In an interview with The Durango Herald, Harms said Tri-State had recently changed its policy to allow partner cooperatives to operate one solar facility as an alternative to dispersed solar arrays on individual houses. He said Tri-State also put a cap on the output of those projects, which LPEA intends to hit.

Thanks to financial incentives in the 2022 Inflation Reduction Act, LPEA also stands to reap significant tax benefits from the project – at least 40%, if not 50%, of the project’s cost will be reimbursed via a tax credit.

Harms said the array will enable LPEA customers who could not otherwise afford the expensive initial cost of a solar array to access green energy. The co-op intends to target sales of the electricity toward low and moderate income customers.

“We want this to be a community-based solar project,” Harms told neighbors at the meeting, which was attended by about seven residents at the La Plata County Administration Building.

Attendees raised similar concerns to those voiced by neighbors of the Hesperus Solar Project. That project, which has been proposed by a for-profit solar company, is slated to occupy 1,900 acres. Harms sought to differentiate between to two, noting the significantly smaller footprint of this project.

La Plata Electric Association is seeking approval to build a 9-acre solar project south of Durango adjacent to the Sunnyside Elementary School and Sunnyside substation. (Courtesy of La Plata Electric Association)

Like the Hesperus project, Harms said the site for the Sunnyside array was chosen because of its proximity to an existing power substation.

Solar projects are often sited with substation locations in mind. Without one nearby, developers are forced to install expensive intruding power lines to transmit electricity from the panels.

One concerned resident asked if LPEA intended to eventually cover the remaining acreage with panels. Harms said LPEA had no plans to do so at the moment, but that it was a possibility if there are changes to the Tri-State contract allowing the co-op to generate more of its own power.

Other neighbors brought up concerns about the visual impact of the panels, which sit about 4½ feet off the ground. The highest edge of the panels will reach about 9 feet when the panels tilt toward the sun. The installation will be surrounded by an 8-foot game fence.

Harms said the project has only a handful of neighbors who could be visually impacted by the project, and he intends to meet with them individually next week.

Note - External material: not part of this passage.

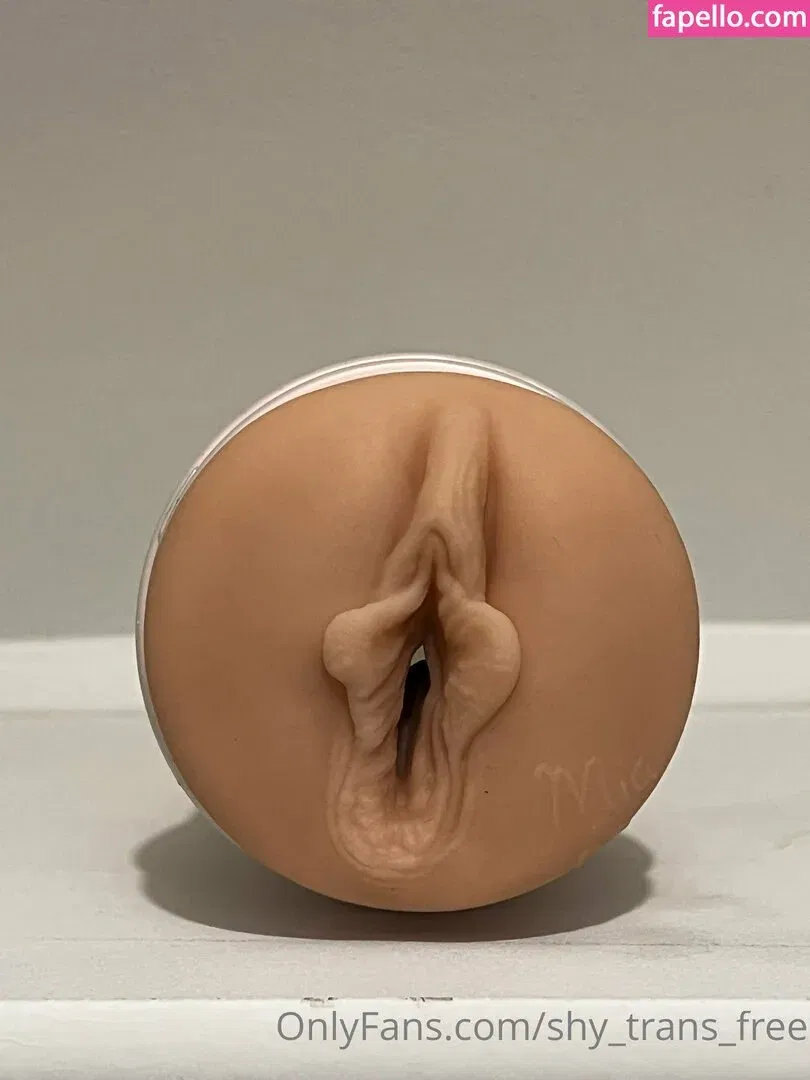 shesfree_ / shy_trans_free Onlyfans Photo Gallery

Because the project is a public utility, it is subject to the location and extent review process. The substation was approved through a minor land-use permit under the previous code in 2008.

The approval process is less arduous than others in the code. After Wednesday’s community meeting, the project will go before the Planning Commission on June 22 for a decision.

Planning Commission meetings are held at 6 p.m. in the County Administration Building Board Room located at 1101 East Second Ave.